Gentle Readers, I have a confession to make: I didn’t read this book all the way through. I read some of the stories, charting their progression from the merely questionable to outright steaming horseshit. I had to flag myself when I got to one mother’s claim that her son was told that not only could he not read his copy of the Bible in school, he was ordered to leave it at home, even though his classmates were being “indoctrinated” into Islam. It’s a myth that the Bible is not permitted in public schools, just as it’s a myth that students are not allowed to pray.  Students can pray all they like, they can pray before the math final, they can pray before the big game, they can pray that the cafeteria isn’t going to serve meat loaf again.  The only thing that is not permitted is teachers or administrators leading students in prayer.  Yet naive parents who have their heads filled with scary stories about Christian oppression and the destruction of family values by people like James Dobson and Pat Robertson continue to operate on half-truths and misinformation.

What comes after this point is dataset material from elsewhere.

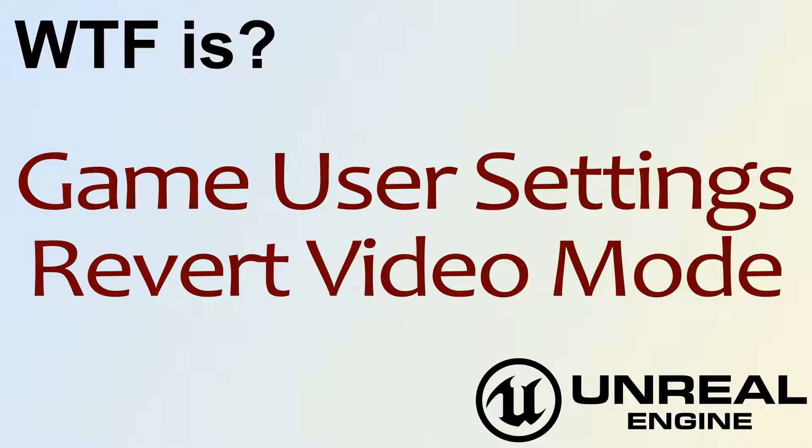Hello, welcome to the video for What is Game User Settings. The Revert Video Mode Node.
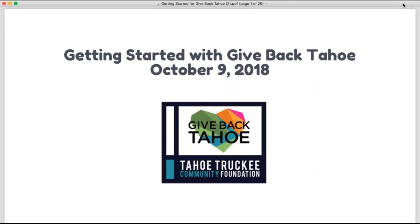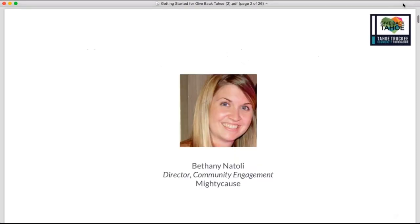Good afternoon everyone, thanks for joining us. We are here to talk about Give Back Tahoe and particularly all the basics — things that you need to know to get started for the campaign this year. My name is Bethany, I work with MightyCause, which is the technology platform partner for Give Back Tahoe. What we're really going to cover today is all that you need to know to navigate the platform and customize your page so that it's up and running for a successful Give Back Tahoe campaign.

From Crayons to Condoms is one of those books, implausible as much of it sounds, that reminds me of just how far from the same page I am with conservative Christians. It’s story after story of hysterical parents and their pussified kids who were supposedly traumatized by the sight of a bare breast or at the realization that the world may not always be the Happy Fun Bear Awesome Time they were raised to believe it was. When would it be a good time for a young person to discover the existence of such unpleasant aspects of life as rape and suicide? When it happens to someone they know? Or to them, perhaps? If any of these people suggested that they’d rather be the ones to have those difficult discussions with their children, rather than teachers, that’d be one thing, but the message that comes across is that they don’t want their children being exposed to that kind of thing at all. After all, look what good came out of their patron saint Sarah Palin’s refusal to allow her children any other sex education but abstinence-based. Pretending things don’t exist–gays, premarital sex, people who worship God a different way–is the most important lesson of all.